An exact copy of the data is required. No picture may appear in it.

Input data:
^^^^^^^^

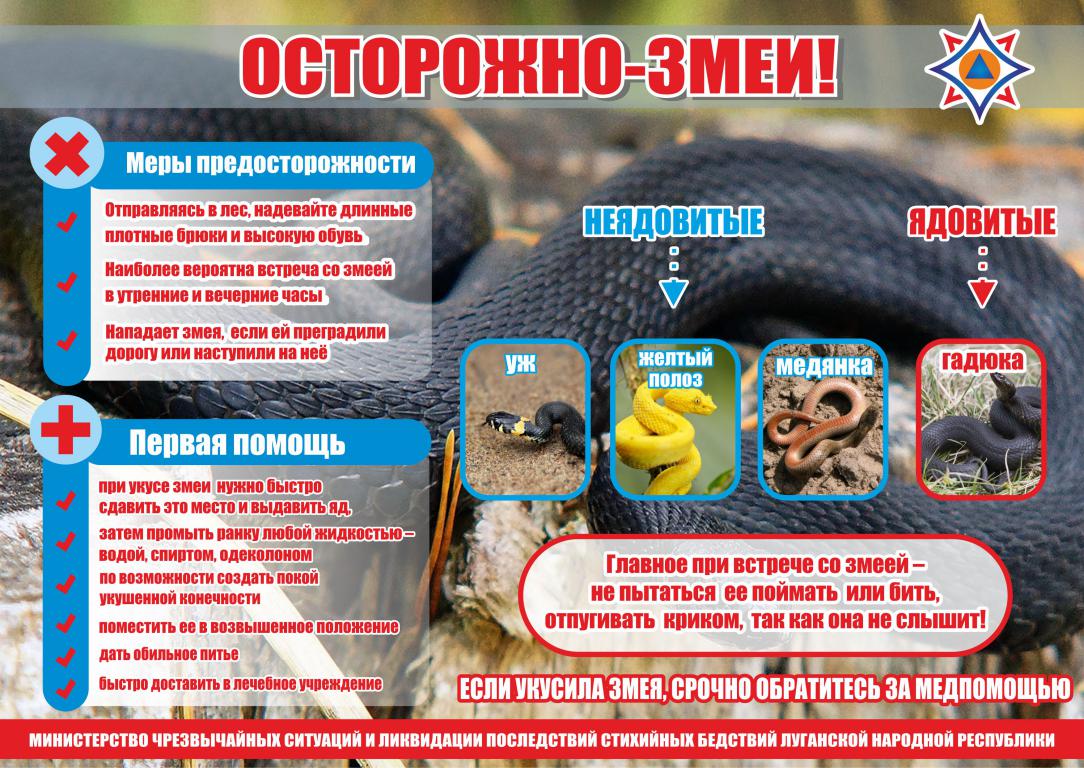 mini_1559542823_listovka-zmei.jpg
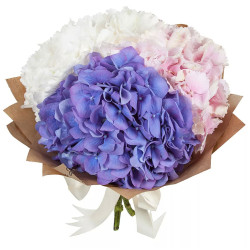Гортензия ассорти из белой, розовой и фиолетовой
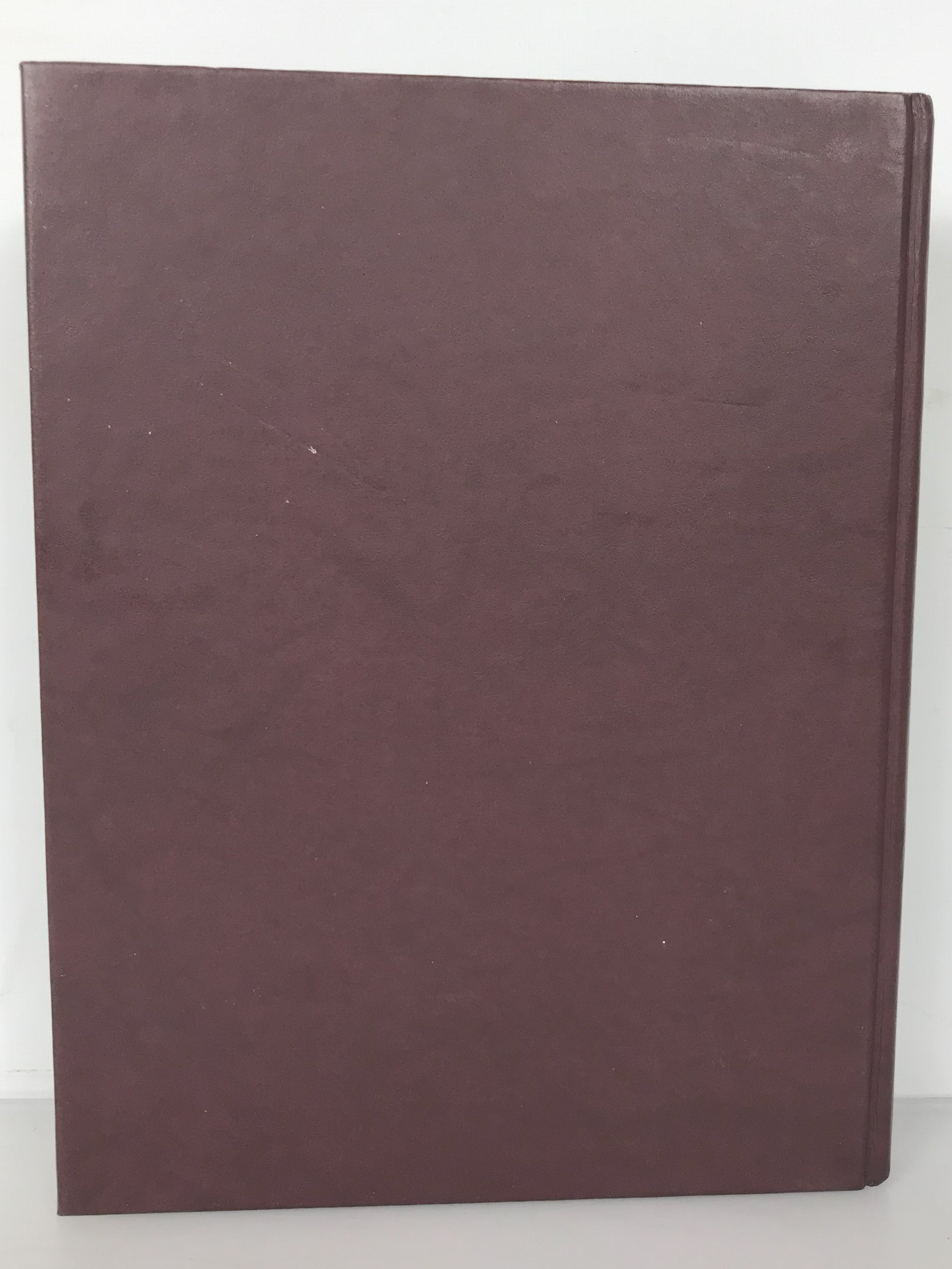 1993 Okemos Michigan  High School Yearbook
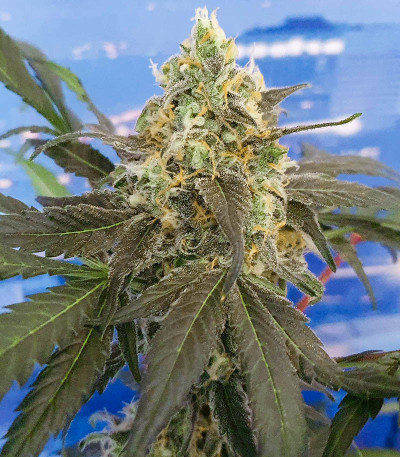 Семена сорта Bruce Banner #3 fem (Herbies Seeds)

^^^^^^^^

Answer for the task:
 mini_1559542823_listovka-zmei.jpg
Гортензия ассорти из белой, розовой и фиолетовой
 1993 Okemos Michigan  High School Yearbook
 Семена сорта Bruce Banner #3 fem (Herbies Seeds)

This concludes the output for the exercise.